The 2FA VPN thing is, I think, a consequence of how hard it is to set up VPNs.
Companies share VPN infrastructure between developers (who need relatively
unfettered access) and non-technical staff, because maintaining multiple VPN
configurations is so painful. WireGuard fixes that problem.

This is what I'm talking about when I say that WireGuard is a big deal. The
current situation, with 2FA logins to very powerful VPN connections, is deeply
suboptimal, and is what BeyondCorp was a response to in the first place.

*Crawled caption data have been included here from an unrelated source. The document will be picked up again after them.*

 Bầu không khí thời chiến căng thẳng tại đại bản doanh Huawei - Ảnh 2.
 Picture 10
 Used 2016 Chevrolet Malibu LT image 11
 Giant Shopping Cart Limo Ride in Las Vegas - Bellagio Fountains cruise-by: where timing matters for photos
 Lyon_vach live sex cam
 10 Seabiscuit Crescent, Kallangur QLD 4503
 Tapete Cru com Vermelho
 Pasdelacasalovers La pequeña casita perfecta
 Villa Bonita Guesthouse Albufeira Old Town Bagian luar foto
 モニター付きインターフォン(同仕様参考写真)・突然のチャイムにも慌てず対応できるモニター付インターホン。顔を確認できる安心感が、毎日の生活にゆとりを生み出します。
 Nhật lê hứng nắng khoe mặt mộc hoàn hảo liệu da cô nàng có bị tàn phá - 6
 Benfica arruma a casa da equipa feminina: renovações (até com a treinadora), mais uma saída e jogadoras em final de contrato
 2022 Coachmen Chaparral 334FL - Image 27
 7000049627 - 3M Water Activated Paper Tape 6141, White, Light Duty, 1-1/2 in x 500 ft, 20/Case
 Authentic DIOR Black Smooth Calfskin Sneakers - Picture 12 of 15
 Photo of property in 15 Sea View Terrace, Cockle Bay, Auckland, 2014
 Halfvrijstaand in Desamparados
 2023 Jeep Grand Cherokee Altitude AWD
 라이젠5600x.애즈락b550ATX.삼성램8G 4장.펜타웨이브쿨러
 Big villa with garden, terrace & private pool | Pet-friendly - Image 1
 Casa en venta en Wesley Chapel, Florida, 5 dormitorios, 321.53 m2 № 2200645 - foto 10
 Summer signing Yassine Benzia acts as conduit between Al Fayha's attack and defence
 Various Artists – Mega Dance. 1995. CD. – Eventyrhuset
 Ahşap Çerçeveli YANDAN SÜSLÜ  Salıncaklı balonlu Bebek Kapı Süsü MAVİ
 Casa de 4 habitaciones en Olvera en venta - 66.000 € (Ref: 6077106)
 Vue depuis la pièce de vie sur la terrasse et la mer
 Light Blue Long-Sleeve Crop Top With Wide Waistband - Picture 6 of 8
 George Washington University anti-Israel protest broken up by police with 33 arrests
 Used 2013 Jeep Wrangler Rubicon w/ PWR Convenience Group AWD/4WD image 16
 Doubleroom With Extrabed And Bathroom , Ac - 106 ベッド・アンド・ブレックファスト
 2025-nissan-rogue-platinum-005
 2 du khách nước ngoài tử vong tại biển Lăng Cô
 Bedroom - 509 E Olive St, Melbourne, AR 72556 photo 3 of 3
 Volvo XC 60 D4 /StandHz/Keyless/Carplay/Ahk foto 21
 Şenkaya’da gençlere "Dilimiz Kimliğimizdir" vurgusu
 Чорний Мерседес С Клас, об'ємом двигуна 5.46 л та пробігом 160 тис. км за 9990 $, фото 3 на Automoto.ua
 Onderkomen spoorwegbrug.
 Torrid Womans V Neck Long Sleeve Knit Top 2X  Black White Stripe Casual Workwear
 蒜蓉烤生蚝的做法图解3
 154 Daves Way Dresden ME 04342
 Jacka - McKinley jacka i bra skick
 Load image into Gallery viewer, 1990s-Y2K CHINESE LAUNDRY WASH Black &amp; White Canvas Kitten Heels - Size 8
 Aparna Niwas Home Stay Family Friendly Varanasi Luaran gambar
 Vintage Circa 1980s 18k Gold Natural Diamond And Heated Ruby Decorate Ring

If I was asked by a client today to design a remote access solution for
customer support people to access an internal admin app, I might try to devise
a site-to-site system (in which case I'd happily use WireGuard) --- deploying
host-based VPN for support staff seems like a nightmare. But even if I
couldn't, what I could do now that WireGuard is available is retain OpenVPN
but drastically ratchet down what it has access to, SAML-ize the admin
applications, and migrate developers to WireGuard environments.

------
gok
> TODO: this should use scutil and be slightly more clever. But for now we
> simply overwrite any _manually set_ DNS servers for all network services.
> This means we get into trouble if the user doesn't actually want DNS via
> DHCP when setting this back to "empty". Because macOS is so horrible to deal
> with here, we'll simply wait for irate users to provide a patch themselves.
> [1]

So the setup script completely deletes all your manual DNS settings without
warning you.

[1] [https://git.zx2c4.com/WireGuard/tree/src/tools/wg-
quick/darw...](https://git.zx2c4.com/WireGuard/tree/src/tools/wg-
quick/darwin.bash?id=a0d5736e11e1e70189393fc8803c2c1500c87d3e)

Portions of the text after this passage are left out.